Reputation: 69
My dataframe is as follows. (similar, there are actually many more rows and columns)
Gender Energetic Weekly_Apple Weekly_Banana
1 Female 3 No Yes
2 Female 3 No Yes
3 Male 5 No Yes
4 Male 2 No No
5 Female 1 No No
I want brief code that outputs the following, based on aggregating the "Yes" responses :
Male Female
Apples 0 0
Bananas 1 2
The number of apples that each gender eats =0. 1 male & 2 females eats apple.
I have tried the following:
count(original_data, c("Gender","Weekly_Apple"))
count(original_data, c("Gender","Weekly_Banana"))
count(original_data, c("Gender","Weekly_Grape"))
count(original_data, c("Gender","Weekly_PineApple"))
aggregate(x = original_data[c("Weekly_Apple",
"Weekly_Banana",
"Weekly_Grape")],
by = original_data[c("Gender")],
FUN = n())
Upvotes: 0
Views: 405
Reputation: 887711
Another base R
version with tapply
t(sapply(names(df)[3:4], function(nm) with(df, tapply(df[[nm]]=="Yes", Gender,sum))))
# Female Male
#Weekly_Apple 0 0
#Weekly_Banana 2 1
Or with split
sapply(split(df[3:4], df$Gender), function(x) colSums(x == "Yes"))
or a variation of it
sapply(split(as.data.frame(df[3:4] == "Yes"), df$Gender), colSums)
Upvotes: 0
Reputation: 6769
As suggested by NelsonGon, I have replaced df1 <- t(df1)

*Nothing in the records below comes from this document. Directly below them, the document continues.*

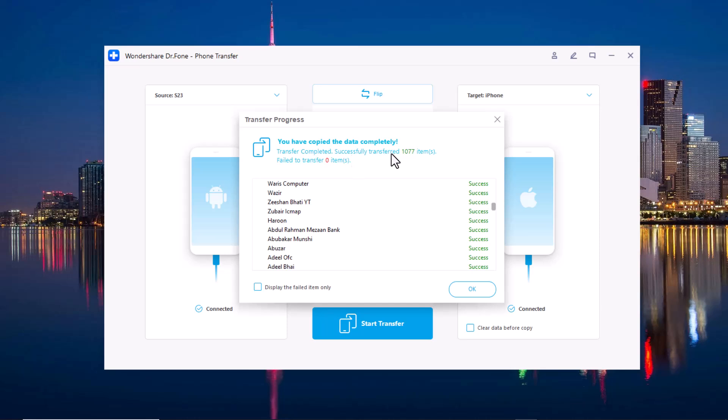And done. You have copied the data completely. Successfully transferred 1077 items.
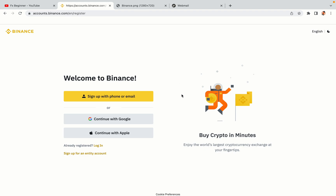You have three options to register an account on Binance: the phone and email option, Google account option, and the Apple account option. In this tutorial we are going to use the phone and email option.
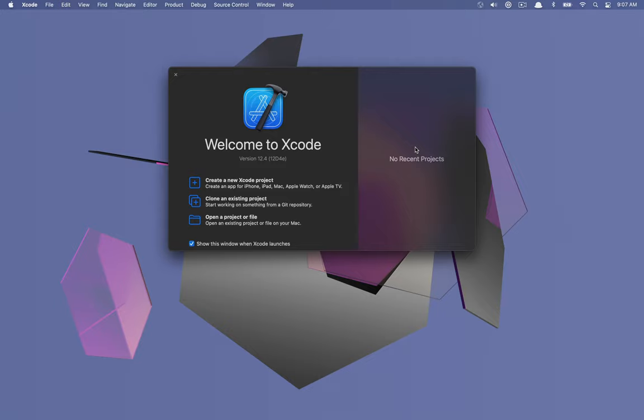Hello everyone and welcome to a brand new series called Build It. The idea of this series is to walk through how we can build various projects for macOS. The first one we're doing is based on AppKit, but some future videos might involve SwiftUI or even some lower level macOS details that aren't necessarily too UI heavy. The idea is to bring you from just the conception of an idea to a full-fledged application or larger component, rather than just dealing with specific AppKit APIs.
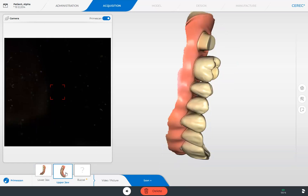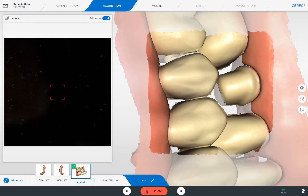Finally, we will perform the scan for our buccal image catalog. Within just a few seconds, the software merges the upper and lower jaw. The little green box with the check mark confirms this is done. In the case of Full Arch scans, it is possible to acquire a second buccal bite in the same image catalog.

with a tidyr::crossing(df1)
.
library(dplyr)
df<-data.frame(
Gender=c("Female", "Female", "Male", "Male", "Female"),
Energetic =c(3,3,5,2,1),
Weekly_Apple = c("No", "No", "No", "No", "No"),
Weekly_Banana = c("Yes", "Yes", "Yes", "No", "No"))
df1 <- df %>%
group_by(Gender) %>%
summarise(
Apples = sum(Weekly_Apple=="Yes"),
Bananas = sum(Weekly_Banana =="Yes")
)
df1 <- tidyr::crossing(df1)
Upvotes: 2
Reputation: 13319
A dplyr-tidyr
alternative:
df %>%
group_by(Gender) %>%
summarise_at(vars(contains("Weekly")), function(x) sum(x=="Yes")) %>%
tidyr::gather(key, val , -Gender) %>%
tidyr::spread(Gender, val)
# A tibble: 2 x 3
key Female Male
<chr> <int> <int>
1 Weekly_Apple 0 0
2 Weekly_Banana 2 1
Data:
df <- structure(list(Gender = structure(c(1L, 1L, 2L, 2L, 1L), .Label = c("Female",
"Male"), class = "factor"), Energetic = c(3, 3, 5, 2, 1), Weekly_Apple = structure(c(1L,
1L, 1L, 1L, 1L), .Label = "No", class = "factor"), Weekly_Banana = structure(c(2L,
2L, 2L, 1L, 1L), .Label = c("No", "Yes"), class = "factor")), class = "data.frame", row.names = c(NA,
-5L))
Upvotes: 1
Reputation: 79328
you could use base R:
table(reshape(cbind(df,id=1:nrow(df)),3:4,idvar = "id",dir="long",sep="_")[-(2:3)])[,,'Yes']
time
Gender Apple Banana
Female 0 2
Male 0 1
or even
xtabs(Weekly~time+Gender,transform(reshape(cbind(df,id=1:nrow(df)),3:4,idvar = "id",dir="long",sep="_"),Weekly=Weekly=="Yes"))
Gender
time Female Male
Apple 0 0
Banana 2 1
Upvotes: 1
Reputation: 40171
One data.table
possibility could be:
dcast(variable ~ Gender,
value.var = "value",
fun = function(x) sum(x == "Yes"),
data = melt(df[-2], id.vars = "Gender"))
variable Female Male
1 Weekly_Apple 0 0
2 Weekly_Banana 2 1
Upvotes: 1